It is entirely understandable that the term _redacted _should then have come to be equivalent to _deleted_.


----------



## Cagey

panjandrum said:


> [....]
> It is entirely understandable that the term _redacted _should then have come to be equivalent to _deleted_.



With the _caveat_ that it is deleted only in the copy -- and the copy should carry indications that something has been left out.  The original document stays intact.


----------



## Forero

Is _redacted_ newspeak for _censored_?  I would have preferred to let _redacted_ mean "redacted" and call this "censored".


----------



## Cypherpunk

Redacted _can_ mean censored (in the all-encompassing, completely-change-the- original-meaning sense), but from my time in the military, it often simply meant one of two things: personal identification information was removed from a document, or details of a sensitive (secret) nature were edited/removed. The purpose was not to hide the meaning but to protect privacy or secrets.

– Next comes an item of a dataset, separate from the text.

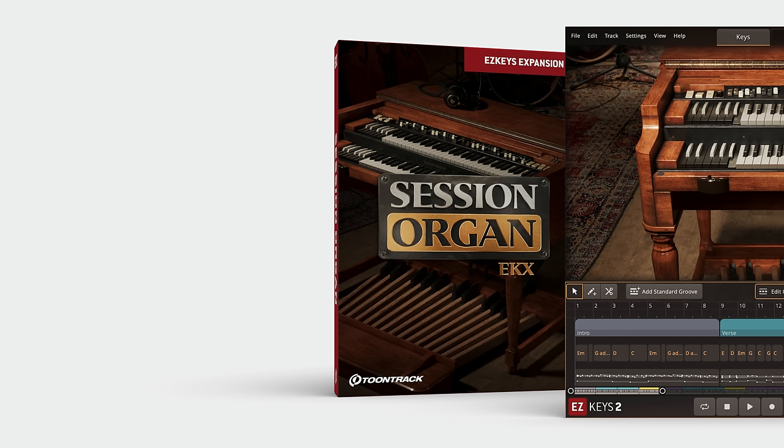Take a look at the next video to learn about the changes in the grid editor specifically made for the Session Organ EKX.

Much recent criticism of the US government has revolved around where redaction stops and censorship starts...


----------



## ewie

I was watching the BBC news a while ago and they showed pictures of some report or other which had been very heavily censored ~ it looked like this only ten times worse.  Anyway, the voice-over called it a _heavily *redacted*_ piece of text ...

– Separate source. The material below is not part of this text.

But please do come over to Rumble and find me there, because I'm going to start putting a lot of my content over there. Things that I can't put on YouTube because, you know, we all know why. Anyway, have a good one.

... and I thought, "A _what_?!"

Is anyone else familiar with this bit of jargon ... if indeed it is jargon and not the flight-of-fancy of whoever wrote that bit of news?


----------



## panjandrum

Redact is the term of choice in the context ewie is referring to.
When public officials process requests for information in the context of the Freedom of Information Act, amongst other things, they black out, or redact, stuff before release.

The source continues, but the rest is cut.